AI Judges Can Be Manipulated After Making Decisions, Study Finds

Researchers discovered that AI judges used to rank model performance can be swayed by follow-up conversations after they have already made a decision. This vulnerability, called 'post-decision manipulability,' challenges the reliability of current AI evaluation methods.

A new study published on arXiv reveals that AI judges (large language models used to evaluate and rank other AI models) can be manipulated after making their initial decisions.
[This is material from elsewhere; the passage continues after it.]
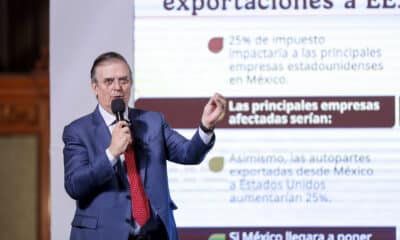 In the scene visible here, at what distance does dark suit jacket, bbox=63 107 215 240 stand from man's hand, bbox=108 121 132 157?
0.16 metres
These judges, widely used in benchmarking pipelines like MT-Bench and AlpacaEval, are assumed to produce stable and consistent judgments from fixed inputs. However, the researchers demonstrate that this assumption does not hold under interaction.

The study introduces the concept of 'post-decision manipulability': the extent to which an evaluation outcome can be altered through subsequent conversation with the judge after an initial decision has been made. Through controlled experiments, the researchers found that LLM judges can shift their earlier assessments when engaging in follow-up dialogue, undermining the stability of automated evaluation rankings.

This finding calls into question the reliability of current AI evaluation methods. If AI judges can be swayed by conversation after giving a rating, the rankings and comparisons that developers and users rely on may not be as trustworthy as assumed. The work highlights a critical vulnerability in how we benchmark AI systems, with potential implications for model development, deployment, and decision-making.